Well, that went far better than expected. I followed Richard’s shaping method and have to confess that making long thin bits of dough was never easier. It is something I have struggled with all my life – I was fond of making plaited breads in my youth but my “sausages” were always poor. Now… is it the method or is it the dough? Do I acknowledge Bertinet or Bacheldre? Is it a combination of those two plus my newly acquired deeper knowledge of bread-making techniques?
I have no answer for you. I simply rejoice in the fact that I achieved the required length in moments, rather than taking many minutes of sweating and cursing. I am not saying that my shapes are perfect, but that I am personally very happy with what I achieved. Only I know what has gone before.
As I write this, I have three baguettes proving on top of the Rayburn and the oven is cranked up to 250°C. The kettle is boiling – I’ll add some water to a roasting pan as I can’t mist with cold water.
I feel quite nervous!
The rested dough, divided in 4 by eye (I should have weighed, but I did not.)
Formed into balls and then rested again – this was the point at which I remembered that I needed to keep 200g back, so I retrieved it and bagged it in the ‘fridge.
Forming the sticks was easy and fast, as already mentioned.
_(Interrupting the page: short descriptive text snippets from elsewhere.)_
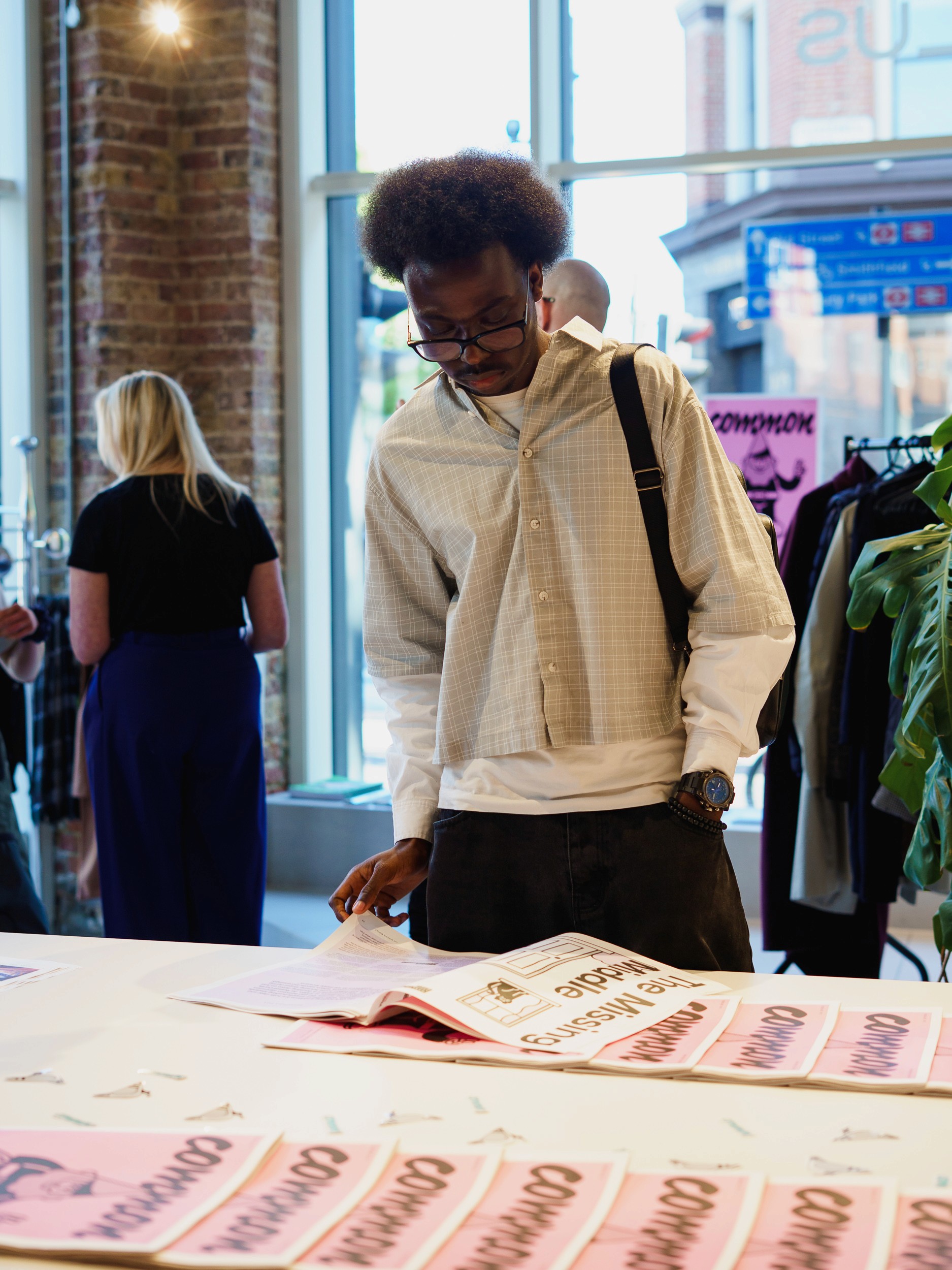 Visitor browsing copies of Common magazine laid out on a table at the launch, with a clothing rail behind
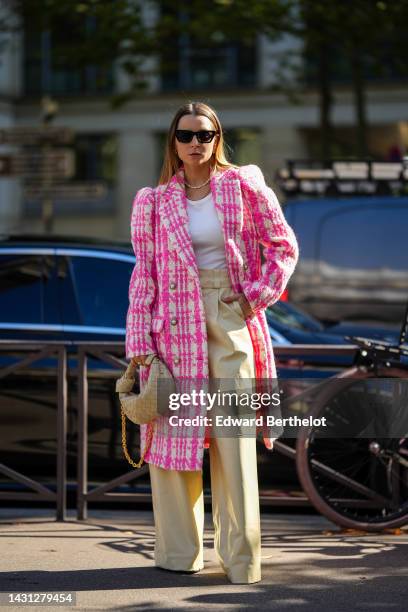 Julia Comil wears black sunglasses, gold earrings, a white pearls necklace, a gold large chain necklace, a white tank-top, a white and pink...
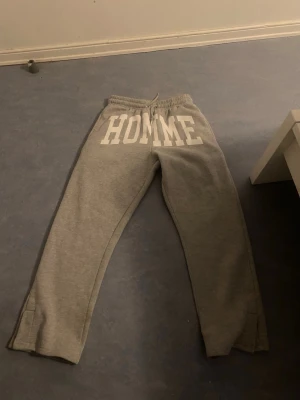 Gråa mjukisbyxor med HOMME-tryck - Säljer ett par gråa mjukisbyxor med stort vitt HOMME-tryck över framsidan. Byxorna har resår i midjan med dragsko och raka ben. Perfekta för chill dagar eller när du vill ha en avslappnad stil.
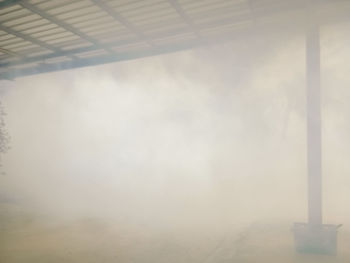 Low angle view of fog against sky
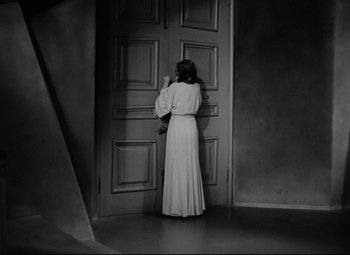 Movie still from “Mad Love” (1935), directed by Karl Freund – A black and white photo of a woman standing in front of a door; Wide shot, High angle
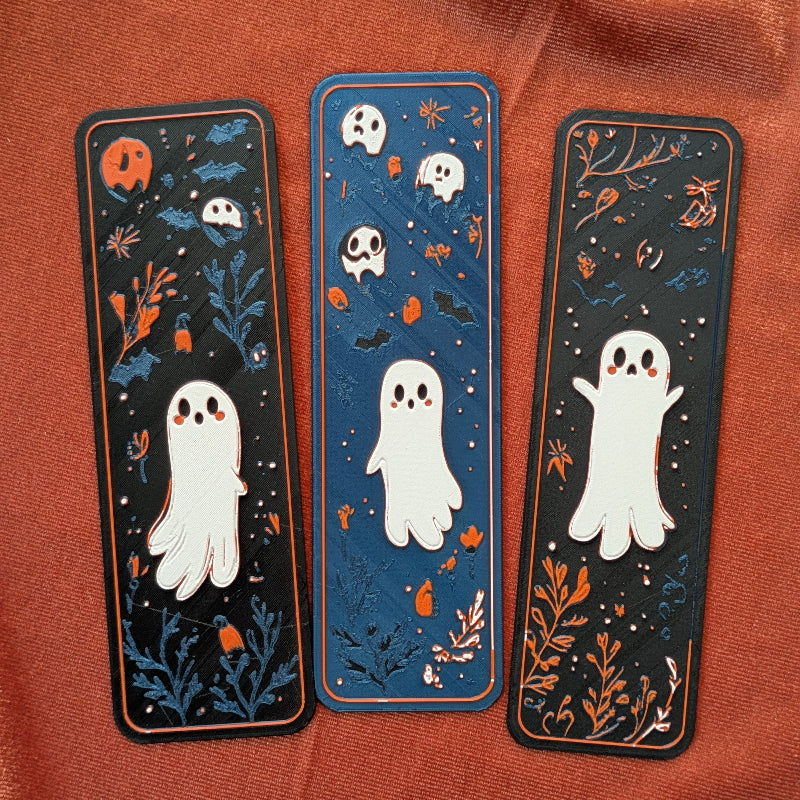 Set of three ghost art bookmarks featuring original ghost illustrations with autumn botanicals for readers, book lovers, and folklore enthusiasts.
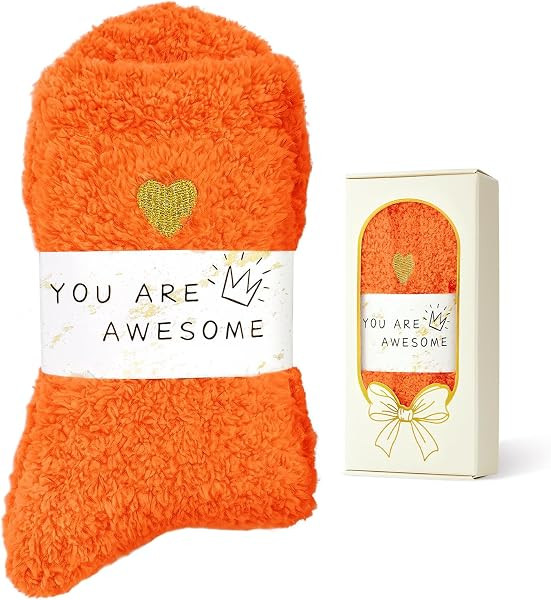 Cloud-soft coral fleece wraps feet in gentle warmth for sleeping, lounging, spa days, and comfort... | Amazon (US)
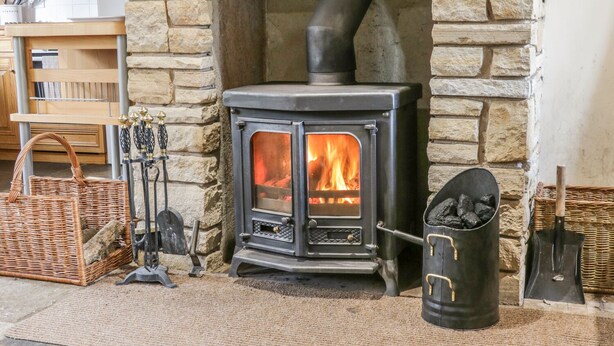 A stone fireplace with a wood-burning stove, surrounded by wicker baskets and a metal bucket. - The Smithy (Richmond)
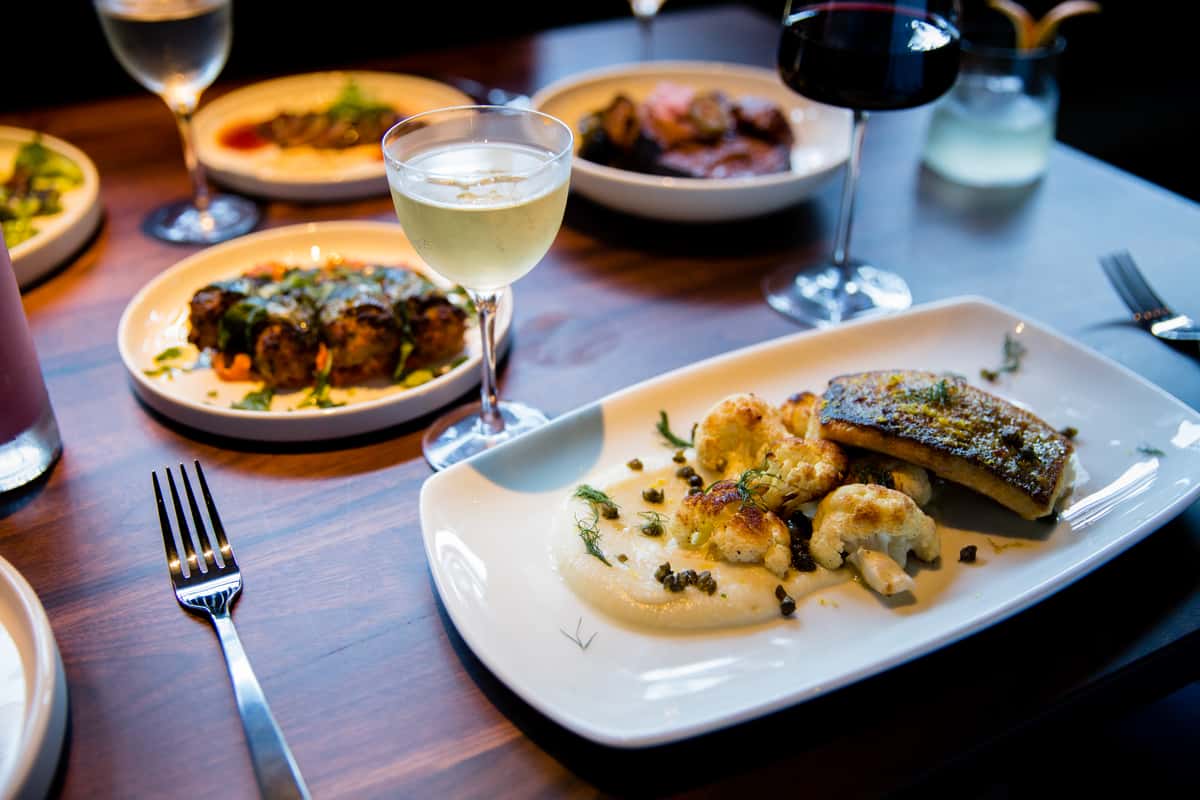An array of elevated entrees paired with wine at Westsider's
I rested them in a tin, so that the table could be used for more important matters, such as eating.
Moving the baguettes between cloth (in a roasting tin), “peel” (rimless baking sheet), and pre-heated baking sheet proved more difficult than Richard promised. He said the dough would be strong and easily handled, but I managed to deflate two of my baguettes. They did bounce back in the oven, though.
I have no photographs of the battered baguettes (nothing to be proud of!) and very few beauty shots of the finished loaves. It was not for lack of trying there, I took many artfully arranged shots but camera shake took over and ruined most of the photographs.
My, I love that epi. Such pretty bread!
What a fantastic way to serve crusty rolls. There will be more epis is my life, I assure you of that.
The unbleached flour makes a bread that looks like wholemeal, but it is not. It really is a light soft crumb, of white bread.
Mr L is OK with the colour. He liked the bread. Especially when we tried it warm, with some olive oil and balsamic vinegar.
Personally, I find this bread a little too salty – it was fine with olive oil but I would not care to put a standard UK salted butter on top. I may have to buy further unsalted butter supplies.
We are having problems with a recalcitrant central heating boiler so will spend the rest our our evening in front of the fire, with the Inkspots – Mr L has a new 50 track album.